Collected data.
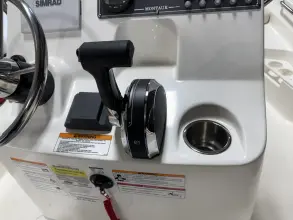 Thumbnail von Boston Whaler 170 Montauk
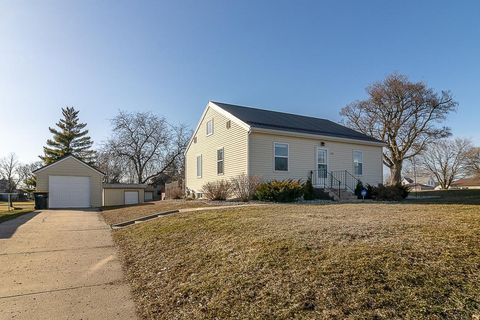 Photo of 205 Park Street N, Fairfax, MN 55332 (MLS # 7032366)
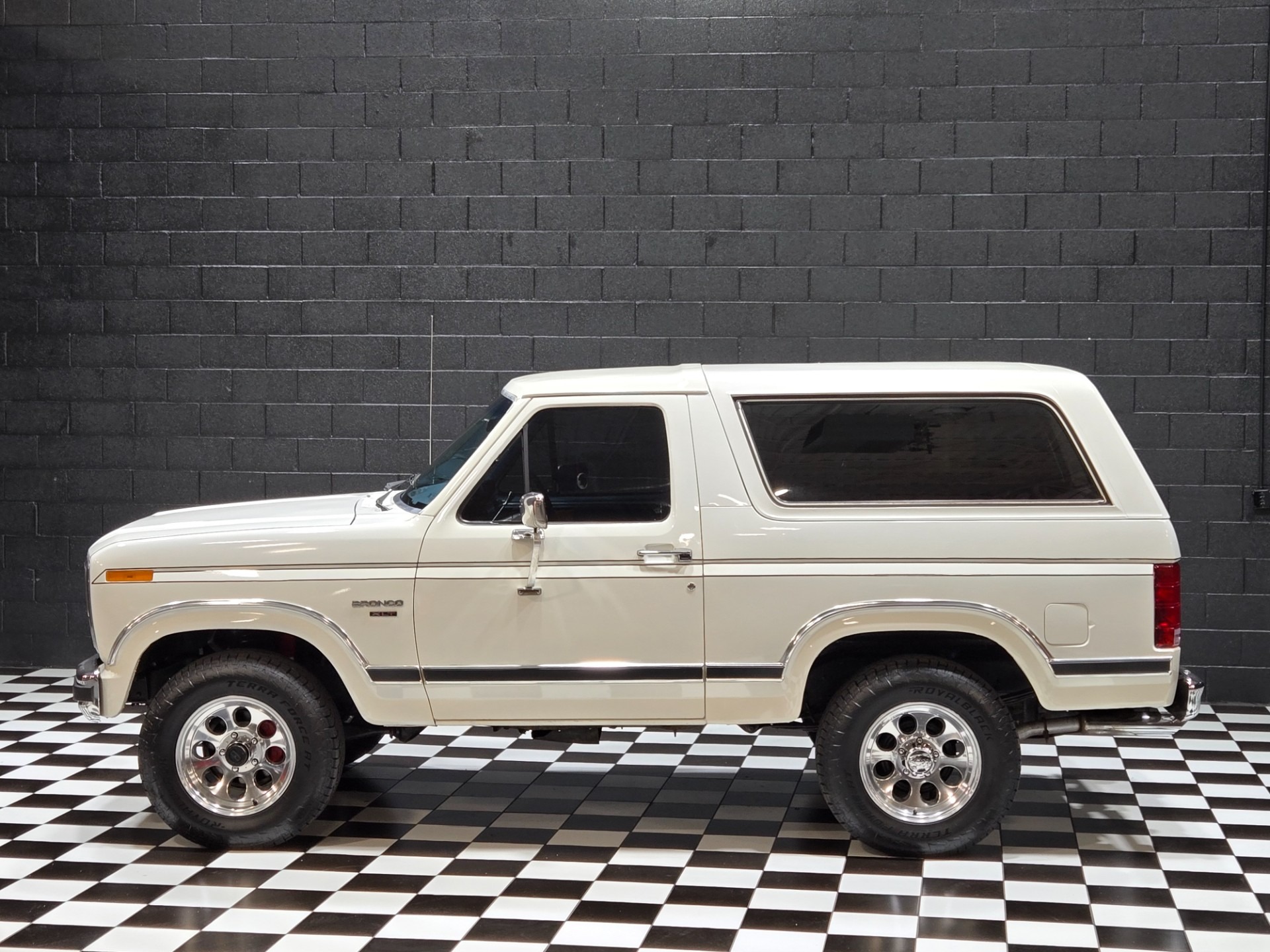1984 Ford Bronco XLT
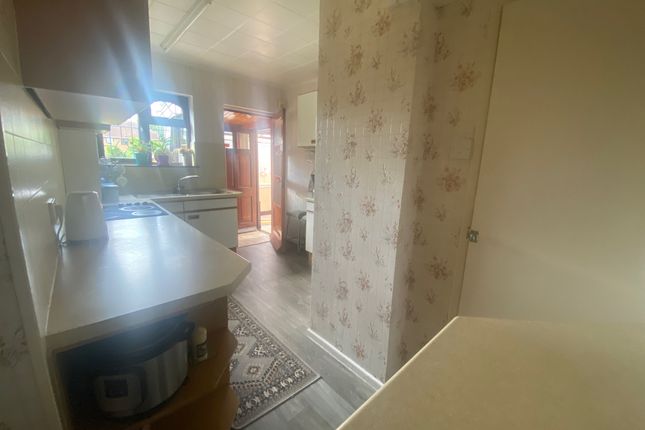 Flat for sale in Kelvin Road, Beechdale, Walsall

Work request. Keep the pictures out of the copy and write out the data exactly as it stands.

Response to this exercise.
 Thumbnail von Boston Whaler 170 Montauk
 Photo of 205 Park Street N, Fairfax, MN 55332 (MLS # 7032366)
1984 Ford Bronco XLT
 Flat for sale in Kelvin Road, Beechdale, Walsall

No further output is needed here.